Arsenal Pulp Press (2017)

83 pages, $14.95 (Paperback)

REVIEWED BY DAVID LY

Kai Cheng Thom’s a place called No Homeland is a tour-de-force debut poetry collection. The narrative poems of No Homeland are laced with fierceness echoing Thom’s background in spoken word performances, yet are written with tenderness as they tell stories of the marginalized, children of the diaspora, queer and transgender communities, and survivors of abuse. Through Thom’s concise wording in well-paced poems, she will make you feel the heartache of narrators that realize the erasure of their identity, but she will also instil hope and happiness as others triumph over their heartache and the wrongs they are victims of.

No Homeland gives a glimpse into what is like being Asian in queer and trans communities.

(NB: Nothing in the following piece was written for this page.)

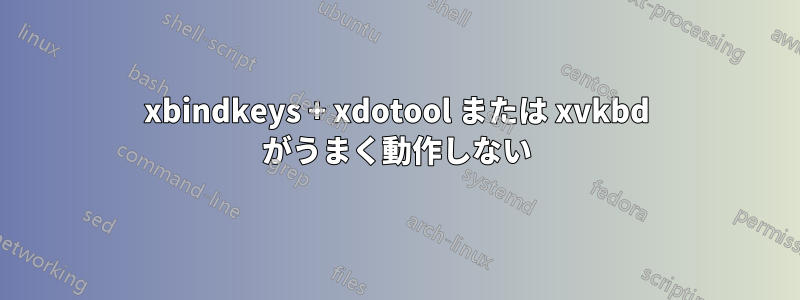 xbindkeys + xdotool または xvkbd がうまく動作しない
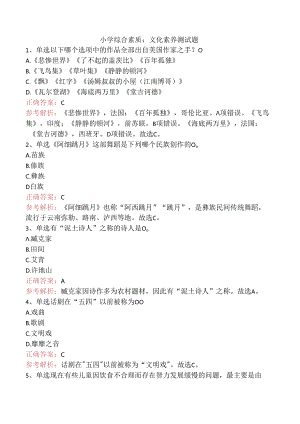 小学综合素质：文化素养测试题.docx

One of the most striking representations of this is in the poem “between friends” where the narrator struggles to understand how their friend is able to attract men as they think:

i gave bathroom blow jobs to older men who
told me how much they like asians and
complimented my english

Poems like “between friends” speaks to how the feeling of being “less” is still very much present in queer and trans communities when one is a person of colour; it begs us to rethink how inclusiveness is defined. Identity and self-worth are also explored further in poems like “when is a woman?” where the speaker works through an inner conflict of transitioning from male to female, but begs their mother to help define when someone becomes a woman:

mama,
can you tell me, when am i
a woman? love,
your son

Familial relations are an enormous theme that flows through No Homeland. Near the beginning of the collection a piece called “what the moon saw” acknowledges pain endured early on in life, and finding that there is love to be found in it, despite the anger and violence:

sound of baba’s fist against my face
if you want to be my son
sound of knuckles
against bone
like a meteor striking
the surface of the moon

….

a force of gravity, a storyline binding us all together:
my father, his fist, my mother, the scar. me and moon and you, my love:

and you.

This method of tapping into memory allows for some of the most poignant poems. Pieces such as “its name was the Boy Without A Penis,” “the river,” and “growing pangs” are meditations on the origins of an identity, where an individual realizes they are something else society sees them as, but still respecting their ancestral background. Perhaps the greatest triumph of Thom’s debut poetry book is when the words are simply written unapologetically, loud, and with burning intent. In “dear white gay men” she begins with:

sit down, shut up, and listen.
dear white gay men:
you are neither the face
of my oppression
nor the hands
of my salvation.

This same loudness that invokes cheering can be found in pieces like “your white cisgender boyfriend can’t save you from the end of the world” (a title that definitely captures the personality of the poem, as you can imagine). Rightfully so, Kai Cheng Thom is simply fierce. a place called No Homeland is abundant in poetry that serves as a call-to-arms to stand up to oppression, and take time to slow down and love oneself. Emotionally stirring, every poem from Thom stands so strongly on its own, but read together, they create an ethos so impacting that you can’t help but to feel like you are witnessing Thom perform them before you.